Au cours d'une première séquence, la discussion a porté sur les évolutions du contexte stratégique et des menaces, ainsi que sur les conséquences que l'on pouvait en tirer quant au rôle de la dissuasion nucléaire. Elle a notamment montré en quoi la doctrine française s'est adaptée à l'apparition de nouveaux acteurs et de nouveaux risques, sans abandonner la référence à une menace majeure sur nos intérêts vitaux qui ne peut être exclue à long terme et qui demeure le fondement même de notre dissuasion. Les différents types de scénarios dans lesquels notre capacité de dissuasion pourrait jouer ont été précisés, notamment la possibilité de répondre de manière crédible à un chantage que tenterait d'exercer sur la France une puissance régionale dotée de missiles balistiques et d'armes de destruction massive.

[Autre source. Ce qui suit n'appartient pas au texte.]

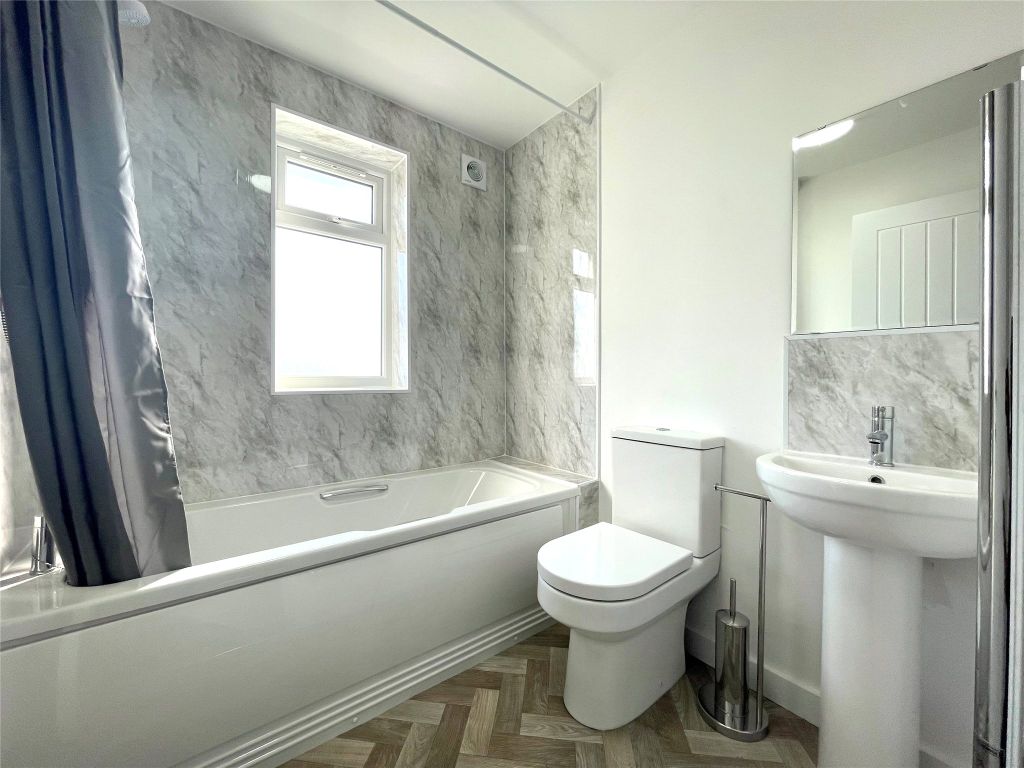 Property photo 2 of 8 Picture No. 03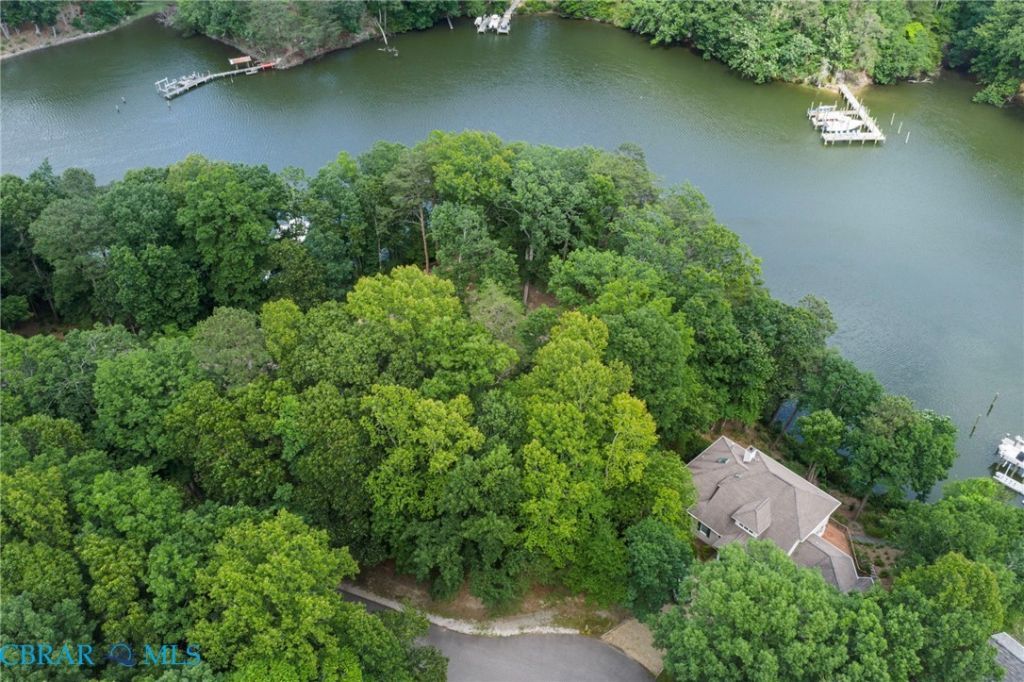 1015 Wilton Cove Drive , Hartfield, VA 23071 Main Photo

Enfin, la problématique de la prolifération nucléaire et de ses interactions avec la politique des puissances nucléaires reconnues a été évoquée.
Une deuxième séquence était plus spécifiquement consacrée aux moyens dévolus à la dissuasion dans la politique de défense de la France. Ont notamment été abordées les questions du poids financier de la dissuasion dans notre budget de défense, du rôle respectif de nos deux composantes - sous-marine et aéroportée - et des liens entre notre doctrine et les caractéristiques techniques de nos armes, notamment leur portée et la possibilité d'en moduler la puissance ou les effets. Le rôle de la simulation pour la crédibilité de notre dissuasion depuis l'arrêt définitif et complet des essais nucléaires a été détaillé et replacé dans le contexte plus global d'un ensemble de décisions cohérentes portant sur la conception de nos armes et sur les moyens d'en garantir la fiabilité et la sûreté.
Enfin, une dernière séquence portait sur les perspectives d'articulation entre la dissuasion française et l'Europe de la défense. La doctrine et les capacités de l'autre puissance nucléaire européenne - le Royaume-Uni - ont été présentées. Le rôle joué par la politique nucléaire de l'OTAN vis-à-vis de nos partenaires européens a été rappelé. L'intérêt que l'Europe de la défense pourrait porter à la capacité de dissuasion nucléaire de a France et du Royaume-Uni est apparu étroitement corrélé à l'évolution à moyen terme du lien transatlantique.
* 1 Voir en dernier lieu le rapport d'information de M. Xavier de Villepin en date du 30 juin 2004 : « La prolifération nucléaire : quelles réponses aux crises ».
* 2 Le Général Henri Bentégeat a cessé ses fonctions de chef d'Etat-major des armées le 3 octobre 2006 et a été nommé président du Comité militaire de l'Union européenne pour une période de trois ans à compter du 6 novembre 2006.